Sounds like John Smith in a nutshell. “So what’s his play?”

“I don’t know. But it’s big, and it’s imminent.”

“Tell me.”

“So, first warning is that Smith’s lieutenants have fallen off the radar. They all ran pretty deep anyway, but we’d always get ripples: a face-match arriving too late, some credit activity, coded messages in online havens, that sort of thing. Over the last days, that’s all stopped. I mean, gone. Then there’s the financials. You remember his smurfed bank accounts in the Caymans and Dubai?”

He nodded. The phrase “follow the money” may have been made famous by a movie, but it was standard procedure in intelligence and antiterrorism work. The DAR had a huge staff of forensic accountants dedicated to freezing illegal money. In Smith’s case, they’d never been able to prove accounts belonged to him. But there was a difference between proof and certainty, and for years, a number of suspicious offshore accounts had been closely monitored.

“In the last forty-eight hours,” Valerie said, “fourteen have gone empty.”

“How much in total?”

“North of a hundred million dollars.”

Holy—can you trace it?”

She shook her head. “Our hottest coders had backchannel routines to prevent any withdrawal. I mean gray-hat stuff, quasi-legal hacks that could provoke international incidents. But the money is still gone. Worse, no alarm bells were tripped. If Quinn hadn’t asked me to look, we wouldn’t even have known.”

His stomach had a sour feeling like he’d eaten raw chicken. Cooper stared, processing. “So he’s going all in. Any guess as to his intentions?”

“Not specifically. But this is John Smith we’re talking about, right? You called him the strategic equivalent of Einstein.” Valerie shrugged. “Whatever he’s planning, it won’t be what we expect.”

And it will be devastating. Cooper said, “Bobby, you have to take this to the director.”

“You think?” Quinn shook his head. “I love you, man, but my paychecks read DAR. I talked to her before I texted you. But remember what I said in that dive bar?”

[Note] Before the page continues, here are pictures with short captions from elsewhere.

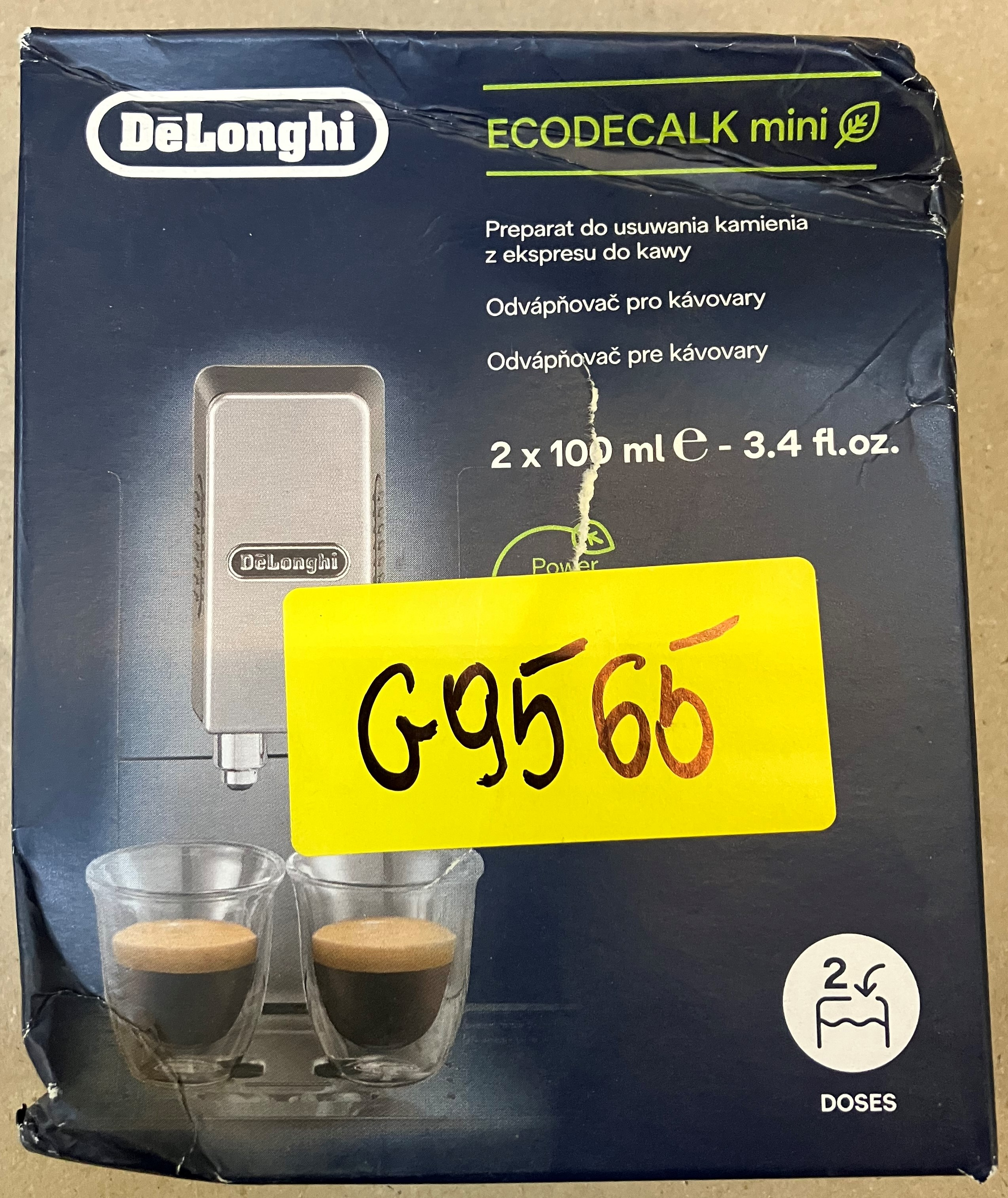 Pudełko DeLonghi ECODECALK mini. Zawiera dwie butelki roztworu odkamieniającego. Są dwie filiżanki do espresso.
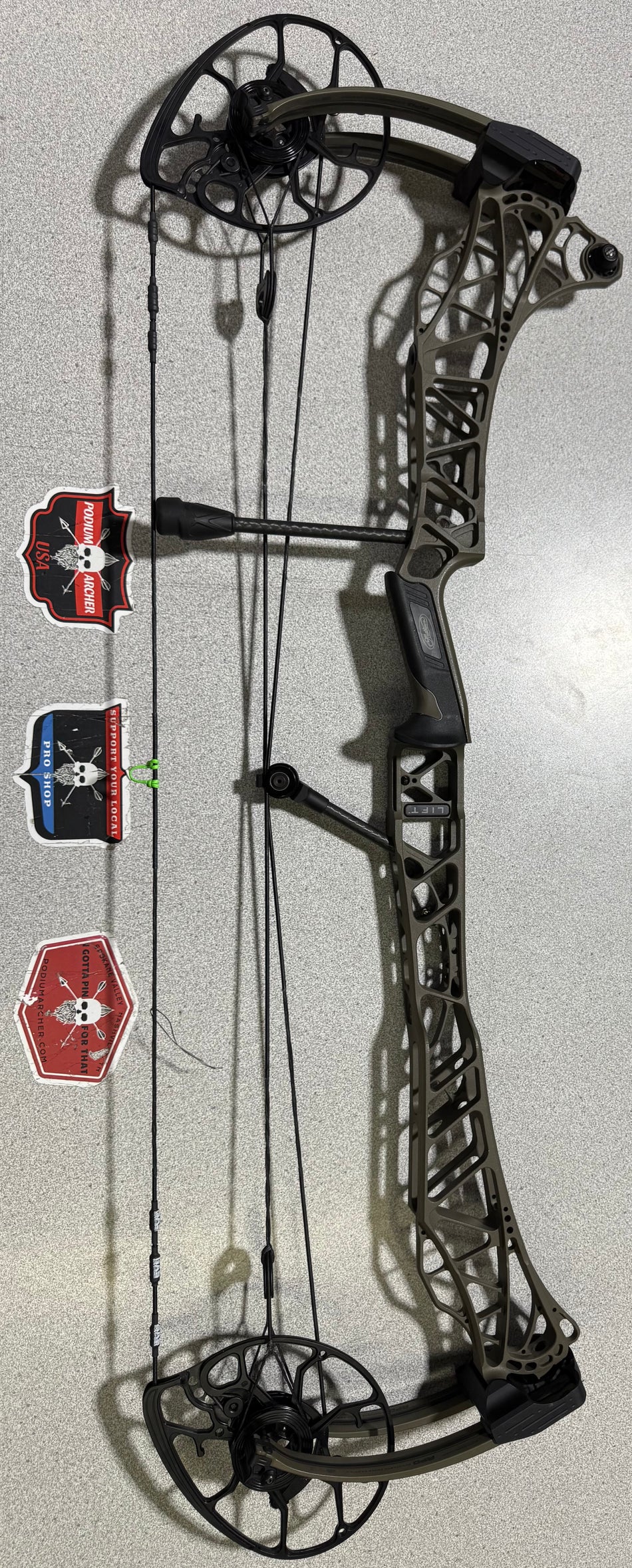 MATHEWS LIFT 33 - RH/AMBUSH/80 -1481- USED BOW
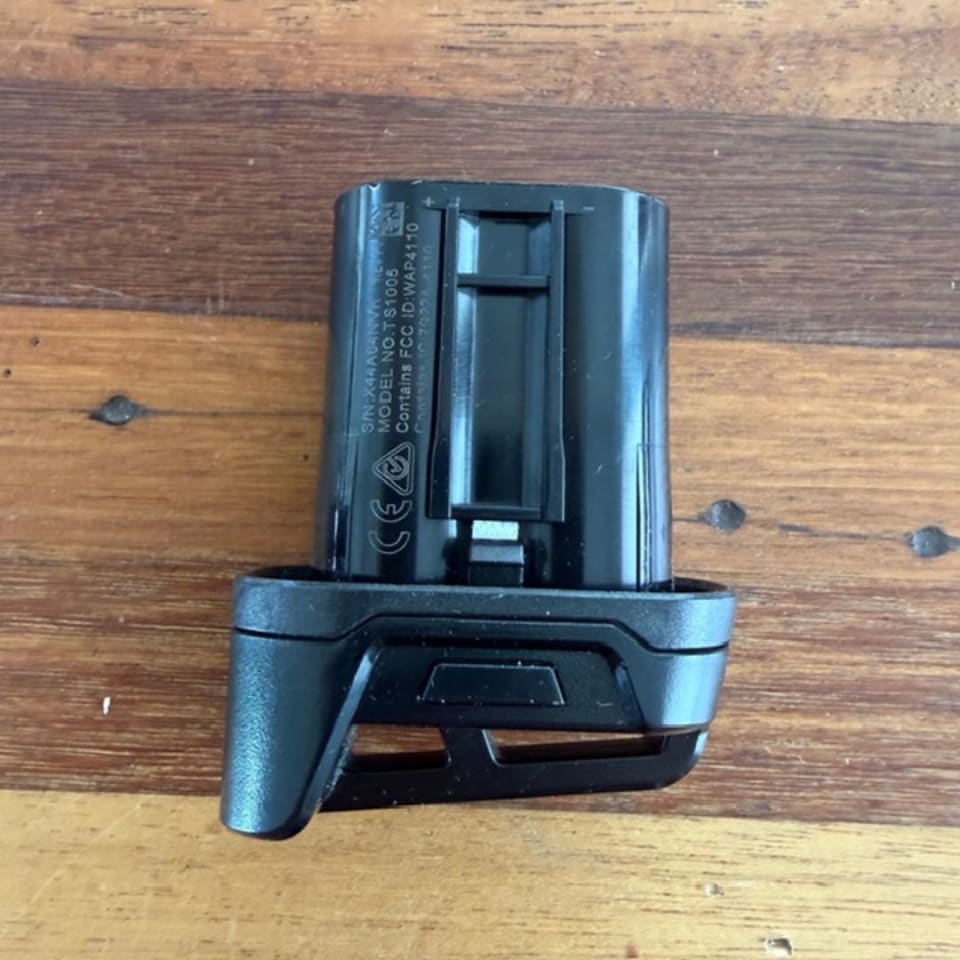Image 5 - Taser 7 Rev U & V bundle NEW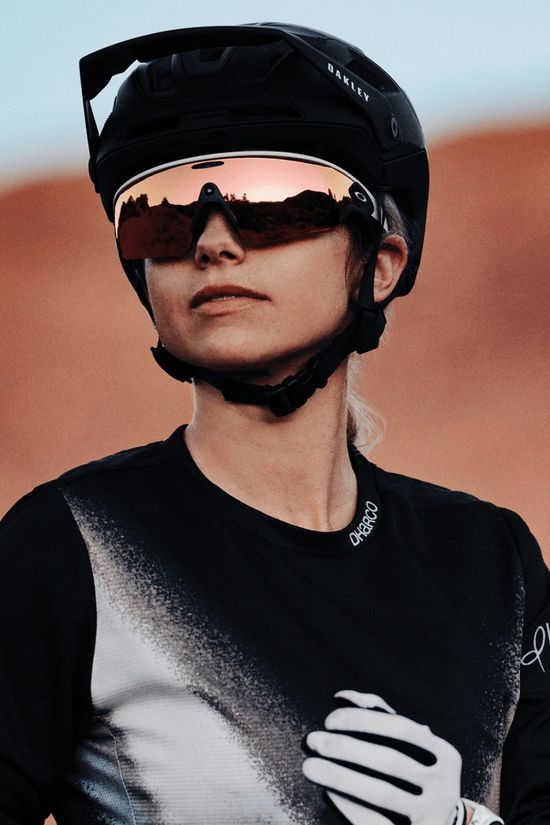 Oakley Meta Vanguard Sunglasses White - Prizm Rose Gold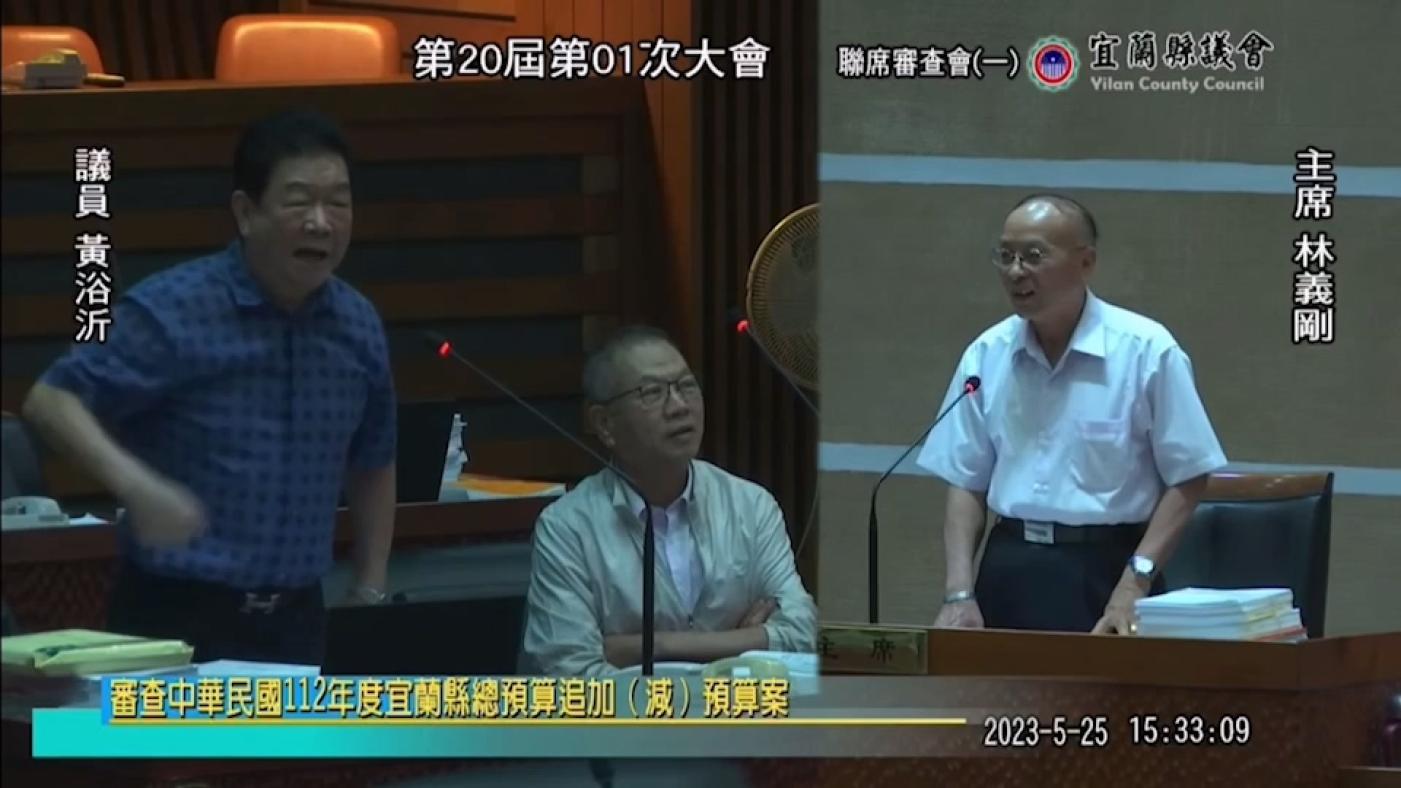國民黨宜蘭縣議員黃浴沂（左）25日下午對民進黨2名女議員擺放抗議標語不滿，在議會怒批，「被偷看不一定是對的」、「為什麼不鎖門？要引誘人去看嗎？」翻攝畫面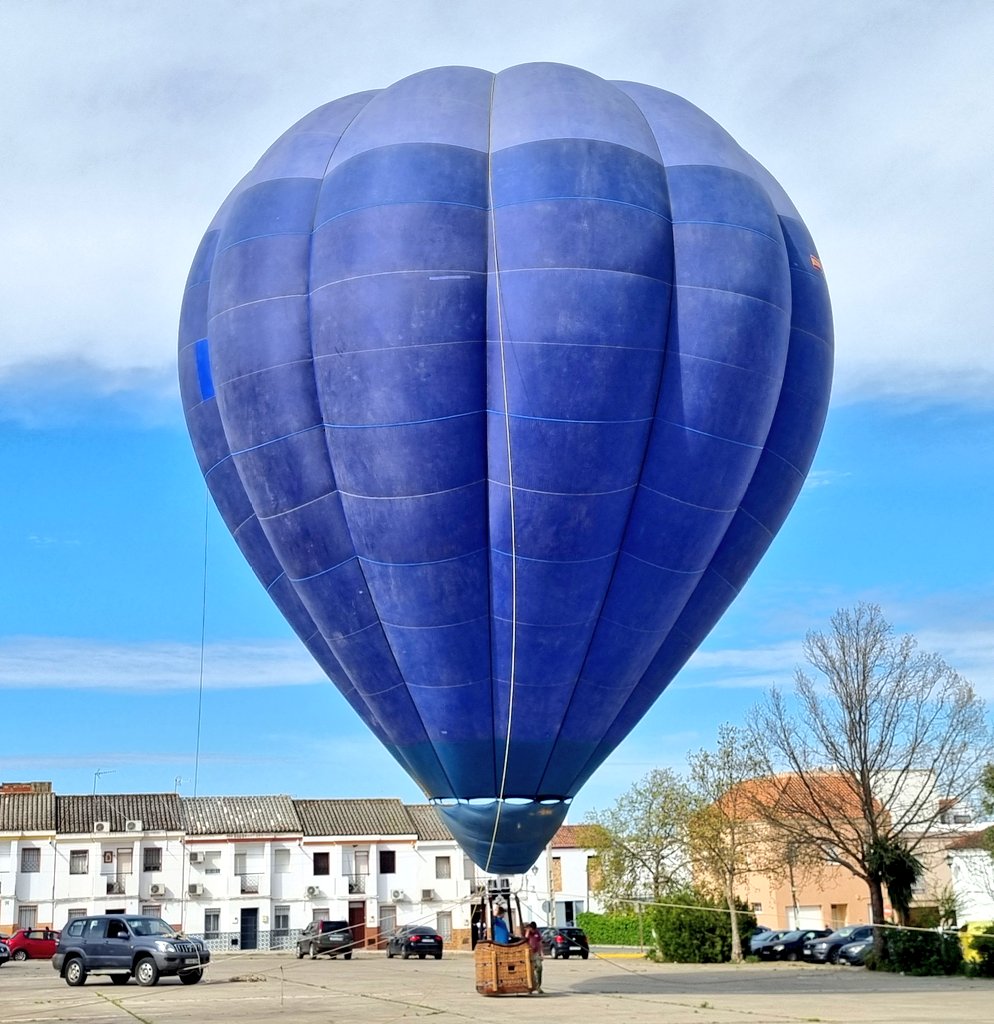 Los eventos en los que se utilizan globos aerostáticos amarrados al suelo, o cautivos, resultan muy atractivos. No hay nada que llame más poderosamente la atención que un elemento vivo, que interacciona con el público, al que invita a subirse y probar unos metros de ascenso.
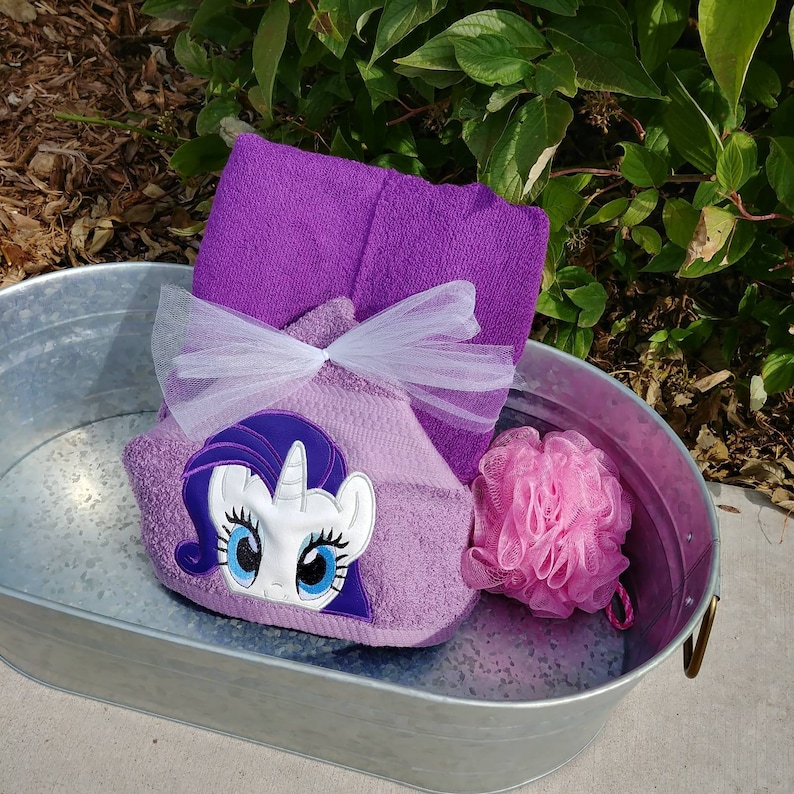 Girl/'s Hooded Towel Baby Shower Gift Embroidered Towel Children/'s Bath Accessory Birthday Presents for Girls Pop Culture Swim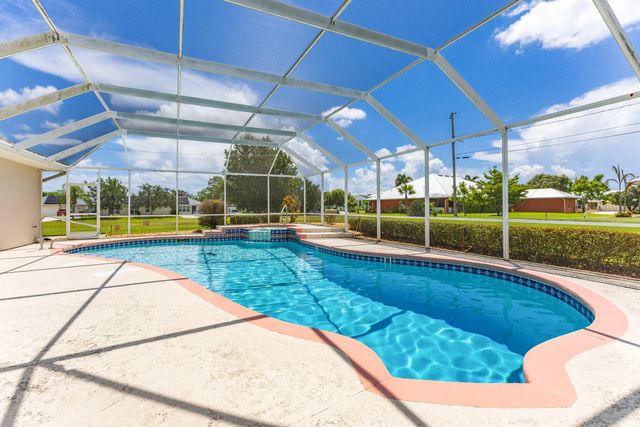 2 of 28 - 165 Sw Hawthorne Circle, Port St. Lucie, FL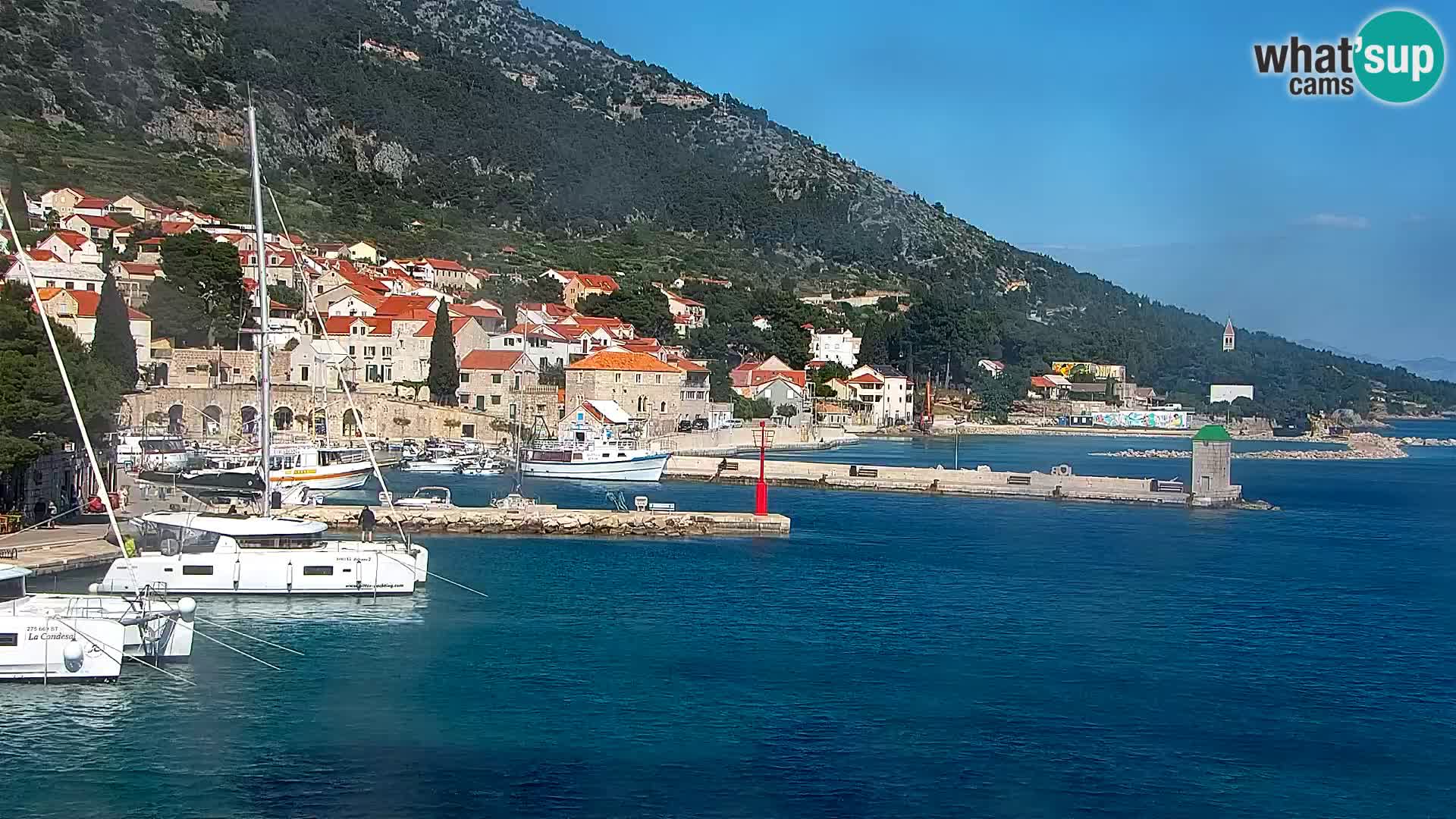 Webcam Bol Town Center & Marina – Live View from Bol, Brač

“Yeah, that the whole world is on fire.”

“And that there’s a shortage of water.” Quinn shrugged. “The director understands the threat. But across the country we’ve got brilliants being persecuted, burned out, lynched. There are massive food shortages. Riots in a dozen cities. A militia rampaging through Wyoming. Three assassination attempts on the president in the last two weeks. The metric for threat is a moving target.”

Cooper’s headache hadn’t been improved by any of this, and he leaned his elbows on the table, dug his fingers in just above his eyes. “Did you share my theory about the tier zeroes?”

“Sure,” Quinn said. “Had to explain to the powers that be how an egghead kicked my butt.”

“Any response?”

“They agree it would be bad.”

“Terrific.” Cooper sighed, straightened. “Listen, I know you all took a risk sharing this with me. I appreciate it.”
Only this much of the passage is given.